Media Institute of Southern Africa Swaziland
Statement, 12 April, 2013
Media Complaints Commission open for business
A media complaints commission for print news is now operating in Swaziland, after almost ten years of planning and discussion. Members of the public can now contact a media ombudsman who, along with a panel, will decide whether corrective action should be taken or the complaint should be taken to mediation.
“It’s a good thing,” says Vuyisile Hlatshwayo, national director at the Media Institute of Southern Africa in Swaziland (MISA-Swaziland). “At least now people will have their complaints and grievances addressed.” Hlatshwayo also said if all goes to plan it will show that the media is now accountable to the people.
It is thought that the media complaints commission (MCC) has begun operating now because the government has threatened to pass a slew of communications bills before their term ends in August 2013; a provision in one of the bills might lead to a statutory complaints council if there is no operating complaints council in place – a scenario most people in the media want to avoid.
The newly appointed ombudsman is Jabu Matsebula, who is currently serving as secretary general of the Swaziland Editor’s Forum and is a former United Nations communications officer in Swaziland.

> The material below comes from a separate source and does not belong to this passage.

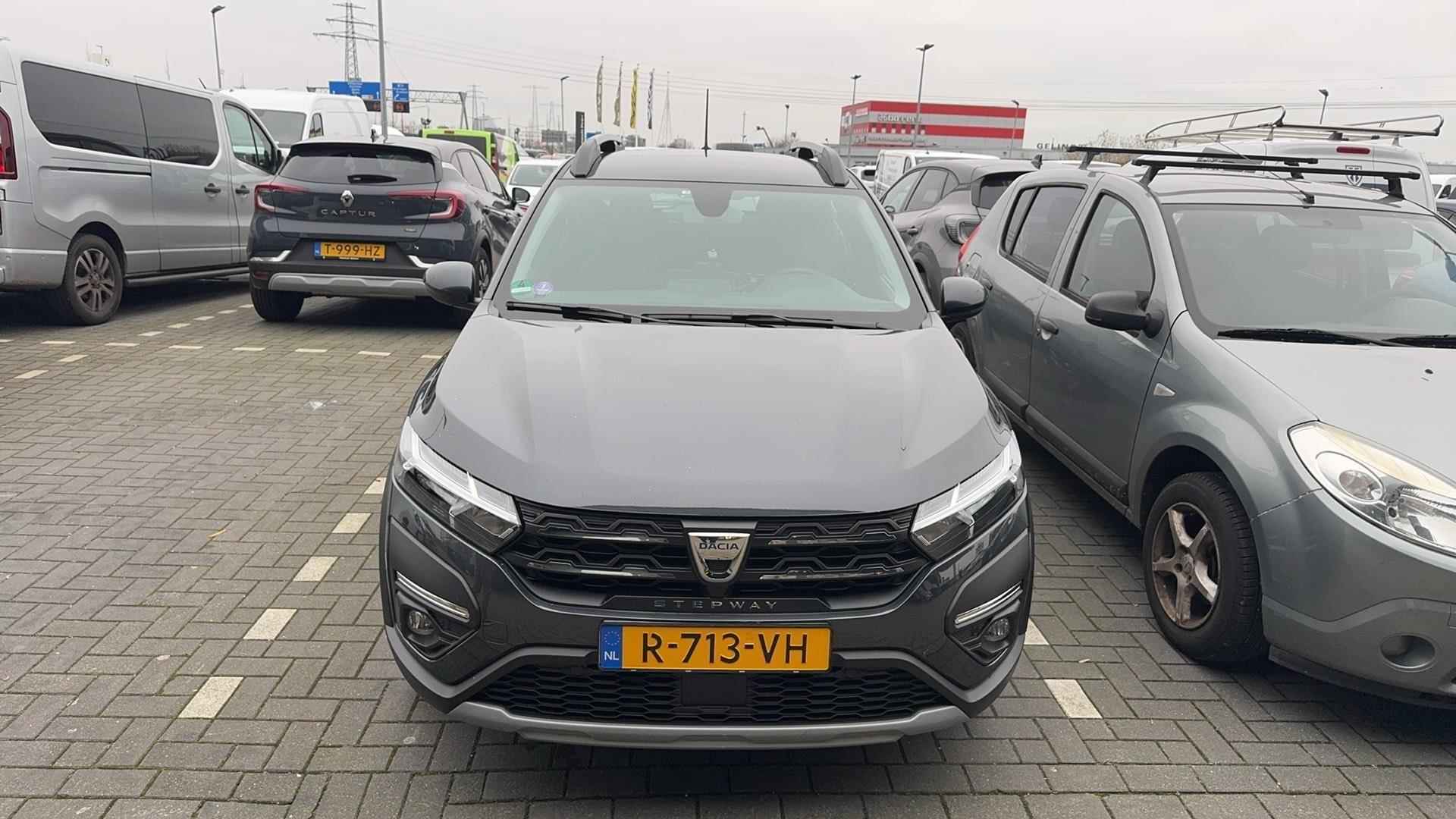 Dacia Sandero Stepway 1.0 TCe 100 Bi-Fuel Essential - 3/12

People can contact Matsebula to lodge their complaints via email (firstname.lastname@example.org) or via phone, or can arrange to meet him in person at the MISA-Swaziland office.
The MCC will remain in an ‘introductory phase’ at MISA-Swaziland until December 2013, at which point the print media houses, who are helping to fund the operation, will decide if they want make the commission permanent. MISA-Swaziland is assisting the MCC with its overheads during this introductory phase.
“It’s a very important development given [the MCC] has been in the works for a decade,” said Matsebula. The new ombudsman said it is important not only because it will allow mediation to take place where necessary, but also because a structure is now in place that will give confidence to people who feel they have been wronged by the media, or simply allow people the opportunity to correct misinformation.